• **Exercise**
The line with "Cartão De Agradecimento" starts the range, and the last line of the listing ends it. Retype that range exactly, without pictures.

• **Given records**
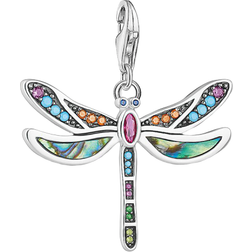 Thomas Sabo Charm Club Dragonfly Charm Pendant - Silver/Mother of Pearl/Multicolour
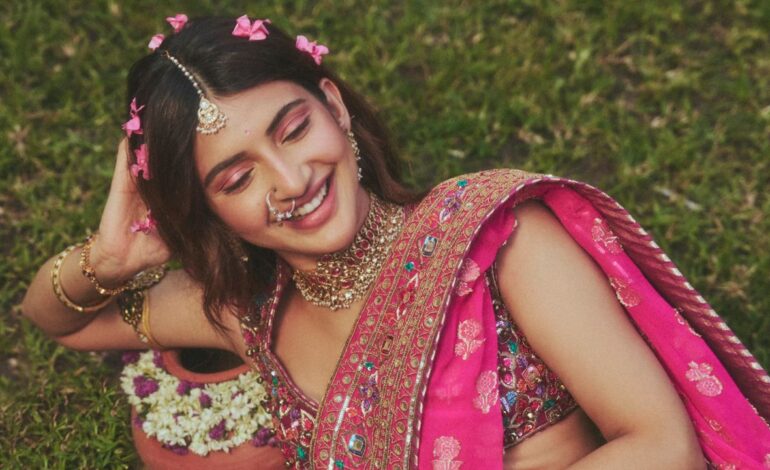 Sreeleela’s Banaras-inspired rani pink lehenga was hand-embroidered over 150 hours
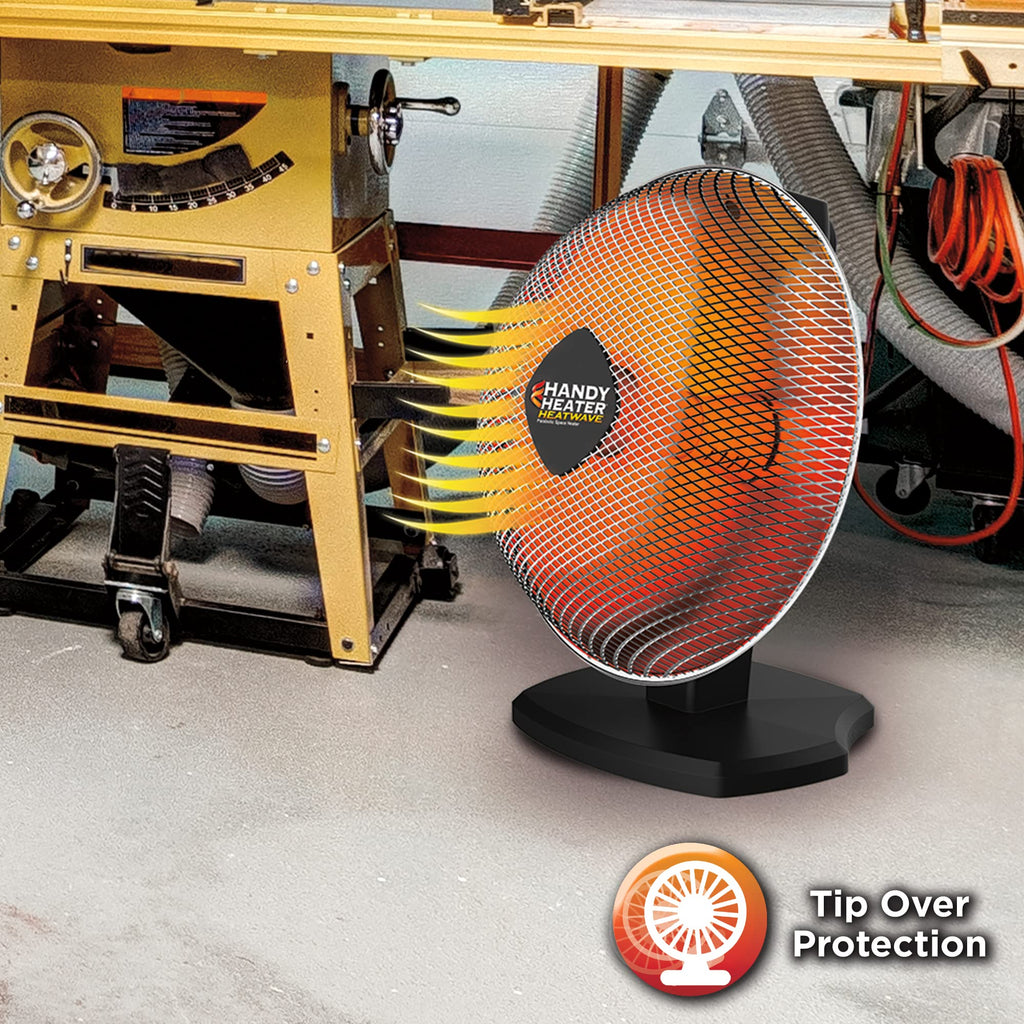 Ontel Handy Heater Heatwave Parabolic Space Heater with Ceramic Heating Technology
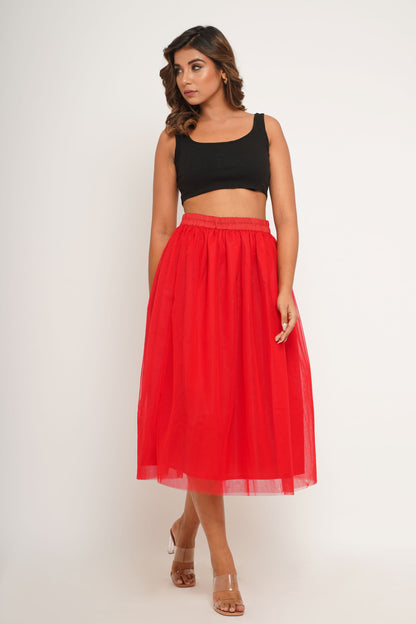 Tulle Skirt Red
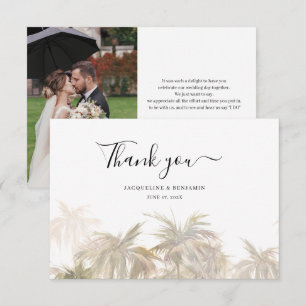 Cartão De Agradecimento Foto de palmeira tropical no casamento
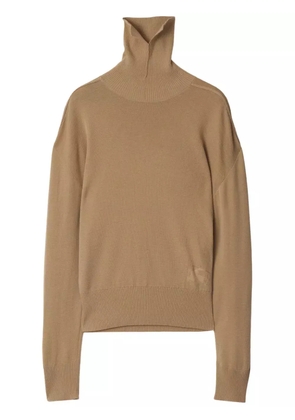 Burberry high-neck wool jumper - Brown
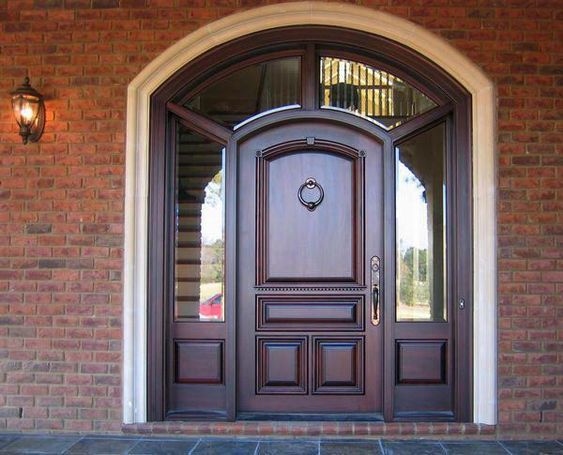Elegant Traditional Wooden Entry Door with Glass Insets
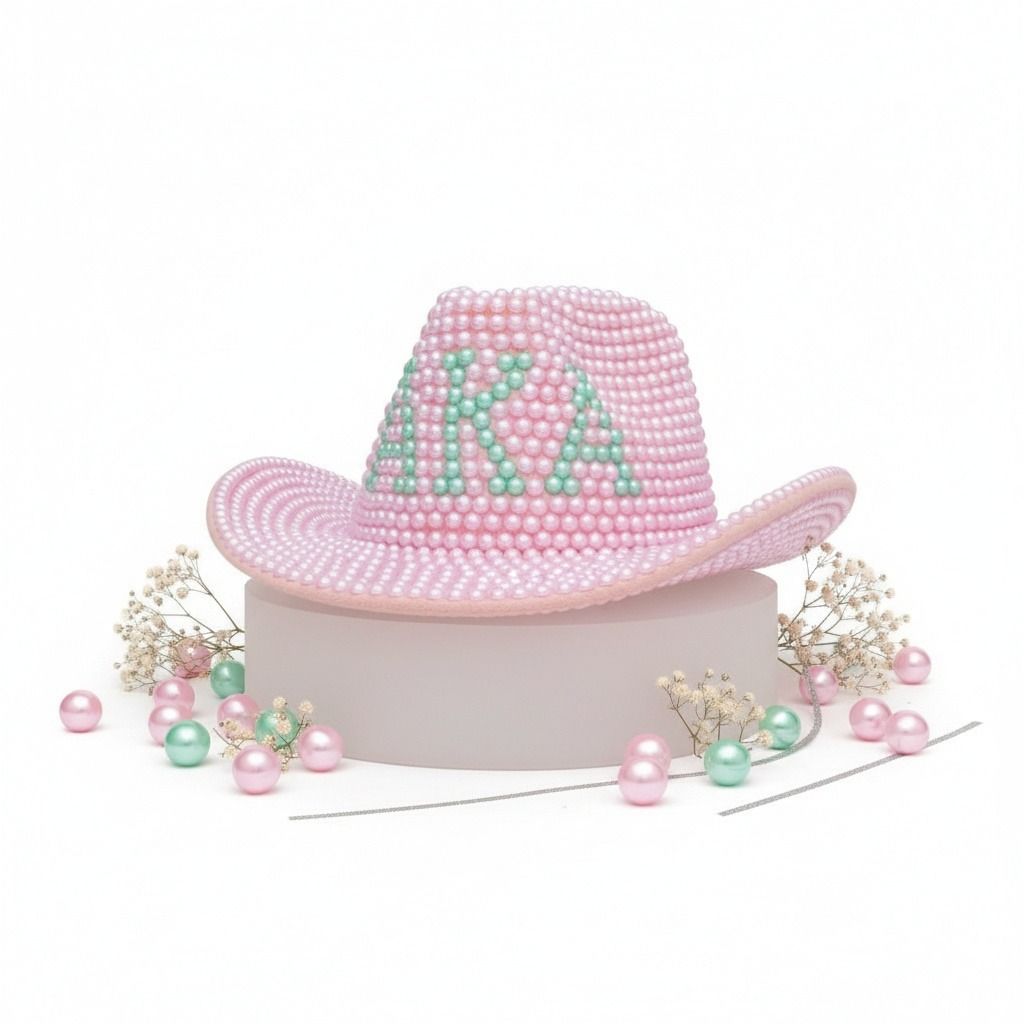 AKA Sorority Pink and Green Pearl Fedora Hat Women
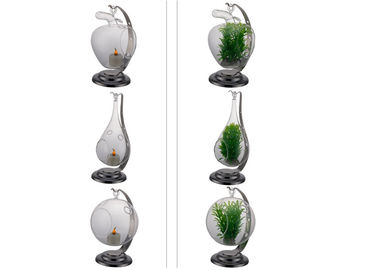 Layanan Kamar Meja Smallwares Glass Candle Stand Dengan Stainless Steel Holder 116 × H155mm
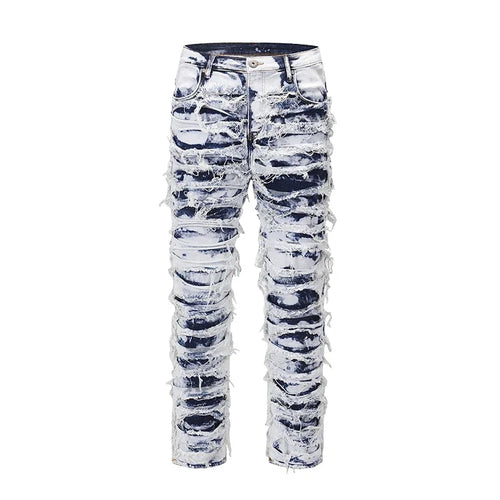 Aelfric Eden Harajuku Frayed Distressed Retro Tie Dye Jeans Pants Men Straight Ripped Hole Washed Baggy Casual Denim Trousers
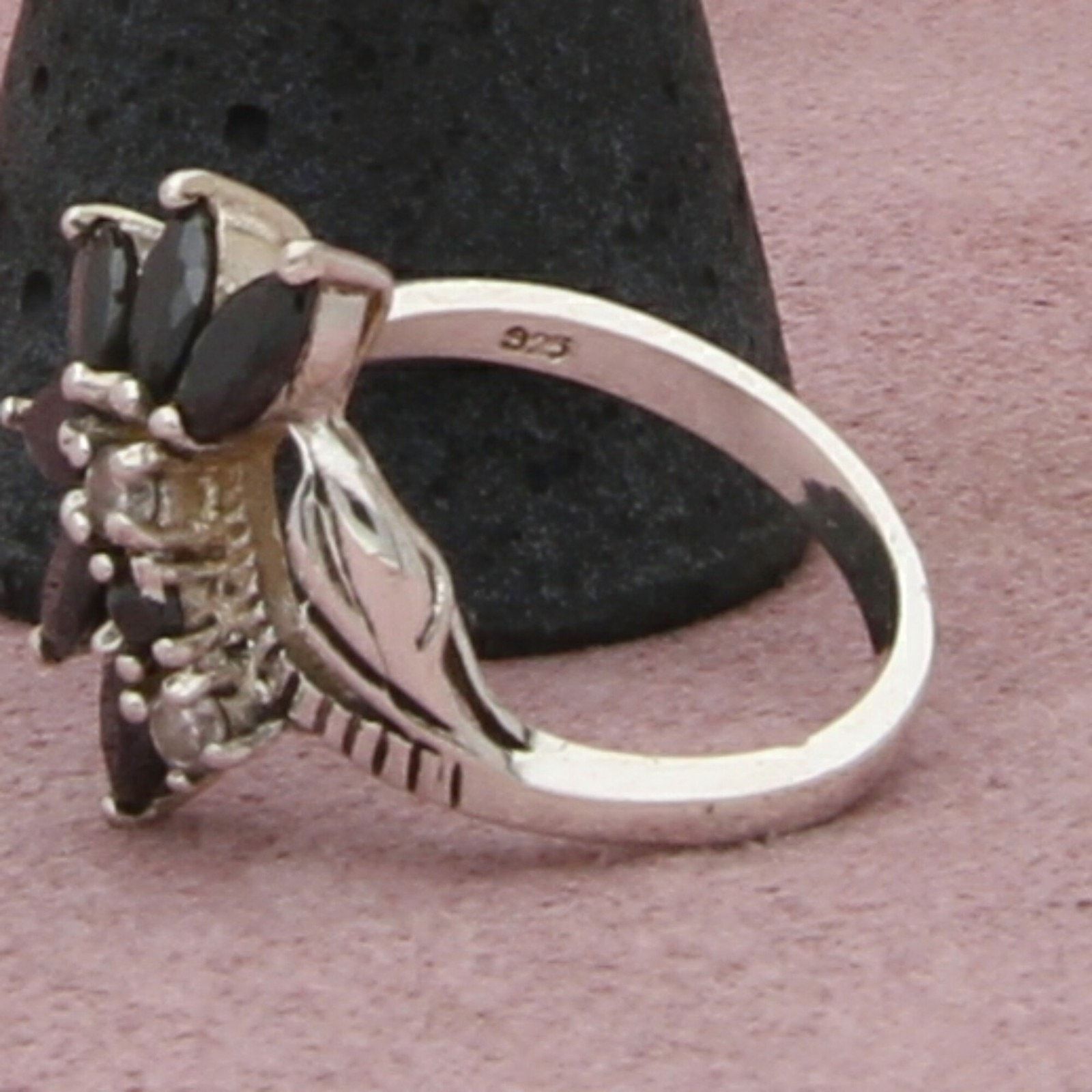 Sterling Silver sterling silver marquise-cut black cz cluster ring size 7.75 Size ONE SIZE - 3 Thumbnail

• **The answer**
 Cartão De Agradecimento Foto de palmeira tropical no casamento
 Burberry high-neck wool jumper - Brown
Elegant Traditional Wooden Entry Door with Glass Insets
 AKA Sorority Pink and Green Pearl Fedora Hat Women
 Layanan Kamar Meja Smallwares Glass Candle Stand Dengan Stainless Steel Holder 116 × H155mm
 Aelfric Eden Harajuku Frayed Distressed Retro Tie Dye Jeans Pants Men Straight Ripped Hole Washed Baggy Casual Denim Trousers
 Sterling Silver sterling silver marquise-cut black cz cluster ring size 7.75 Size ONE SIZE - 3 Thumbnail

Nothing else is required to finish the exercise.